As suggested by Emily at thingsiatethatilove:
Plötzlichfreundersetzung: The confusion and anger engendered when a favorite TV character is suddenly and unceremoniously played by a totally different actor, while everyone else on the show goes about business as usual, pretending not to notice. Especially potent and damaging in young people, for whom this phenomenon can lead to lifelong trust issues, fears of abandonment, and an inability to believe one’s own perceptions.
Example #1: The classic instance of this is of course, Becky Conner from “Roseanne.” Seemingly overnight, Becky went from this person:
To this person:
For me, however, the true Ur-moment of Plötzlichfreundersetzung came when Victoria Newman from the Young and the Restless went from this:
Then, just as suddenly, back to this:
And now, all of a sudden, she is this???? WHO THE FUCK IS THIS PERSON?

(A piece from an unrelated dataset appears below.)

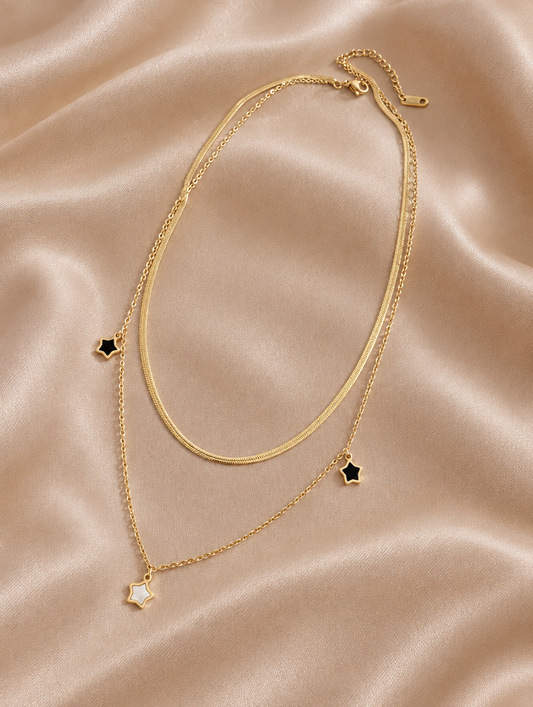 Gold layered necklace with star charms lying on champagne silk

She is not blonde, nor does she look like a displeased pumpkin, Victoria Newman’s two most defining characteristics! I watched the Young and the Restless for 23 years, which I am not nearly ashamed enough about. I loved the old, blonde, angry squashface Victoria, and I will accept no substitutions.
Of course, one could go further, and reference the most storied and ancient example of soap opera Plötzlichfreundersetzung, when beloved Denver-area sadsack and suggestible homosexual Steven Carrington transformed from this:
HOWEVER!!! Sir Aaron Spelling (knighted by Her Majesty Queen Rachel I of Shukertonia in her annual Birthday Honours) is not a egregious practitioner of Plötzlichfreundersetzung, as he actually bothered to provide the audience with a reason for Steven looking like a completely different person: an oil rig explosion off the coast of Indonesia that burned his entire face off. In fact, Steven in the hospital under and alias, and is so deformed as to be unidentifiable in his injured state, until his wily Singaporean plastic surgeon (who also played David Lo Pen in Big Trouble in Little China) puts two and two together, uttering the immortal line: “He says his name is Reynolds, but his belt buckle says otherwise.”
His Lordship Spelling shows similar care with the later replacement of Fallon Carrington, when Pamela Sue Martin:
transmogrifies into Emma Sams:
Resurfacing after being believed dead in a car crash, Fallon, we are told, was suffering from severe amnesia, and living under the name “Randall Adams,” an elegant solution that both explains her somewhat changed appearance (and newly acquired British accent) and allows the audience to live with delicious ambiguity. Is this woman in fact, the “real” Fallon Carrington? Will the “real” Fallon ever resurface to dethrone the imposter? And who is to say who is “real” anyway? Only a master could inject a plotline this patently absurd with such a metaphysical existentialist dilemma. Plötzlichfreundersetzung, or rather its inverse, at its finest.